Pentagon’s Chief of Strategic Planning Calls for Terror War Name Change
September 6th, 2006 @ 12:34 am
While Bush was busy warning Americans of the enduring terror threat on Tuesday, the Pentagon’s chief of strategic planning was saying that the U.S. should “rethink the label it uses for what is known as the ‘global war on terror.’”
Hat tip to Ron for catching this story which got little to no play in the news Tuesday, with Bush’s battle cries being echoed in every major newspaper and on every network — terror… terror… terror! Stop already Dubya. You’re tactics aren’t working and people have been telling you this for years.

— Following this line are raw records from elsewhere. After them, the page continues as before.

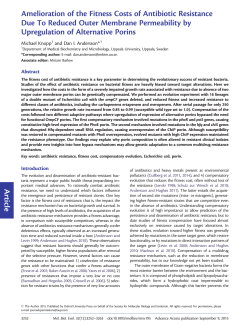 Article Amelioration of the Fitness Costs of Antibiotic Resistance Due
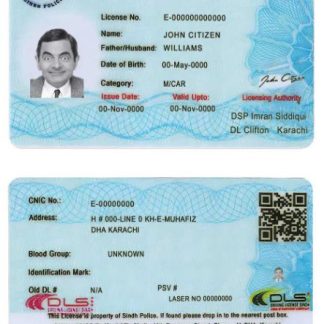 Pakistan Sindh province Driving License (2016 present) download template file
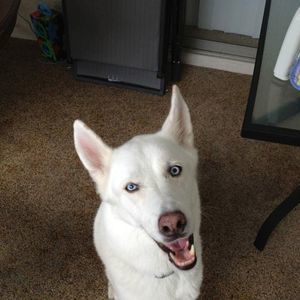 Meet your Posher, Jay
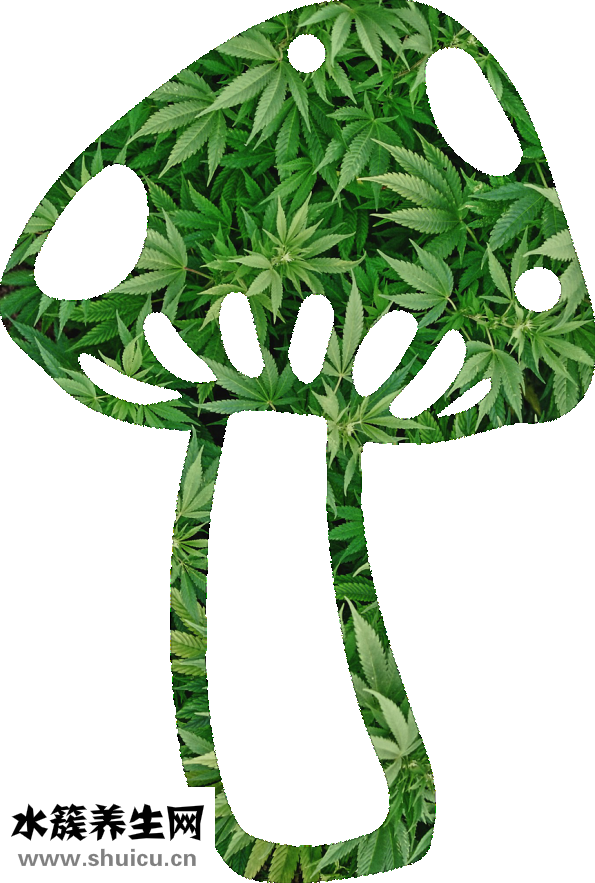 心肌梗塞吃什么藥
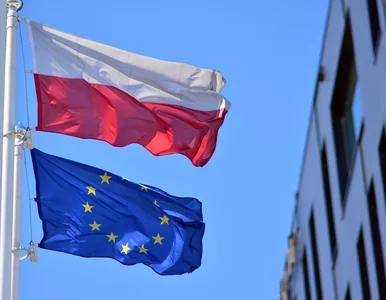 Miniatura: Eurobarometr: Europejczycy narzekają na...
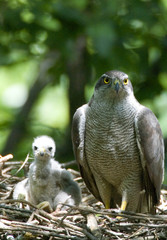 goshawk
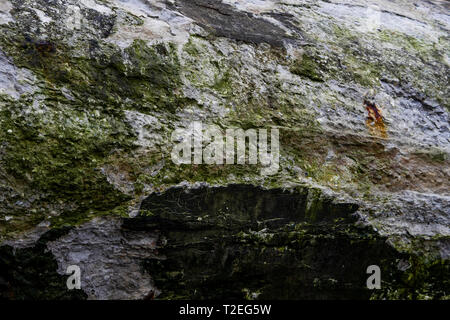 WWII Deutsche Bunker, Le Cayeux-sur-Mer, Cayeux-sur-Mer, Bucht der Somme, Somme, Haut-de-France, Frankreich Stockfoto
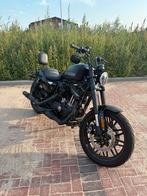 Harley Davidson Roadster Stage 1 (Sportster 1200, XL1200CX), Motoren, Motoren | Harley-Davidson, Chopper, Particulier, 1200 cc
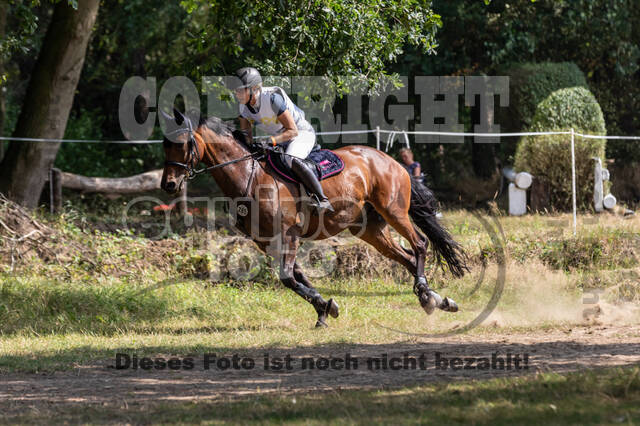 Late-Entry Vielseitigkeit Hamminkeln/Wesel (01.+02.08.2020)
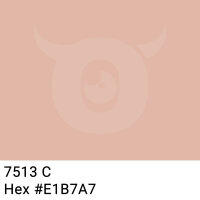 PVC packing tape peach brown - 50mm x 66m - CMYK 0/19/26/12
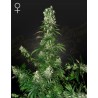WHITE STRAWBERRY SKUNK · Strain Hunters · semi di canapa indiana · Fem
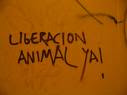 El animalismo que admiro y me duele Liberacionya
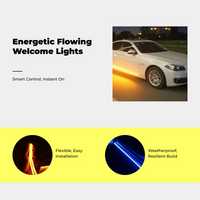 App-controlled RGB car door light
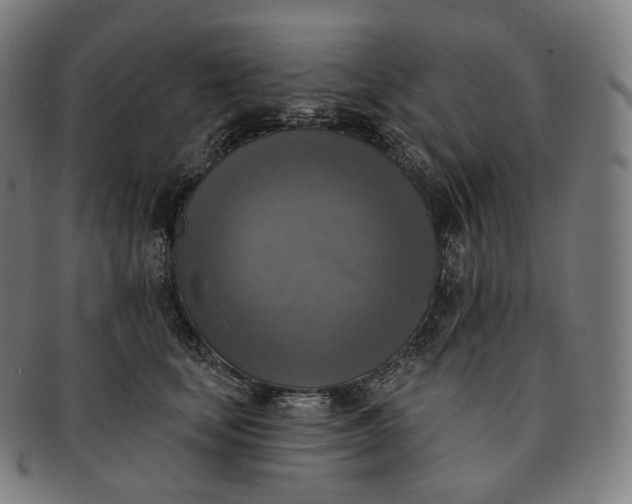 X0000091290659200708241030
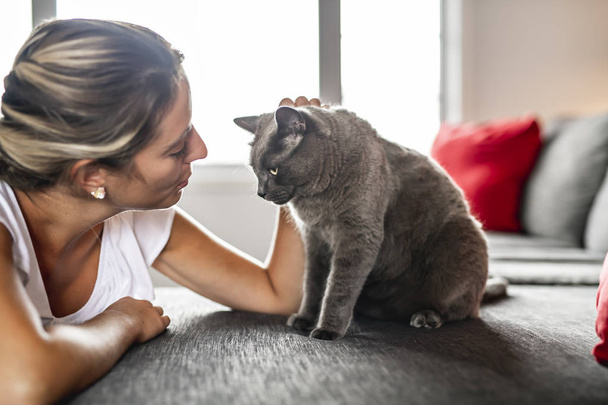 Nice Grey Cat with woman on sofa - Foto, afbeelding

Army Col. Gary Cheek, the chief of strategic planning for the Pentagon told UPI Pentagon correspondent Pamela Hess, that “What is needed, is to recast terrorists as the criminals they are.” If calling the terrorists criminals sounds familiar it should. It’s something that John Kerry has been saying for years and his position on this is well detailed in his book, The New War.
Col. Gary Cheek said at the Defense Forum Washington, sponsored by the Marine Corps Association and the U.S. Naval Institute, “If we can change the name … and find the right sequence of events that allows us to do that, that changes the dynamic of the conflict.”
“It makes sense for us to find another name for the GWOT,” said Cheek. “It merits rethinking. I know our European allies are more comfortable articulating issues of terrorism as criminal threats, rather than war … It ought to be our goal to partner better with the European allies so we can migrate this from a war to something other than a war.”
The “war” moniker elevates al-Qaida and other transnational terrorists, giving them legitimacy as an opposition force to the United States. It also tends to alienate Muslim populations in other countries, who see the war as a war on Islam, and feel they need to support al-Qaida as a matter of defending their faith.
It also tends to frame the fight as one in which the Defense Department has the primary role, when it is becoming increasingly clear that the “long war” against global terrorism is going to be won on other fronts — economic, political, diplomatic, financial. Other government agencies and departments must become more engaged; only they have the expertise to help other countries take the actions necessary to defeat terrorists.
UPI reports that “Cheek’s idea is not a new one.” It makes practical sense to the military — but, “it is being floated at a politically inopportune time.” That of course is an understatement. With the battle royale being staged for the House and the Senate and the idea that a shift of power could be “possible after the midterm elections,” Cheek is pushing a concept that is anathema to BushCo.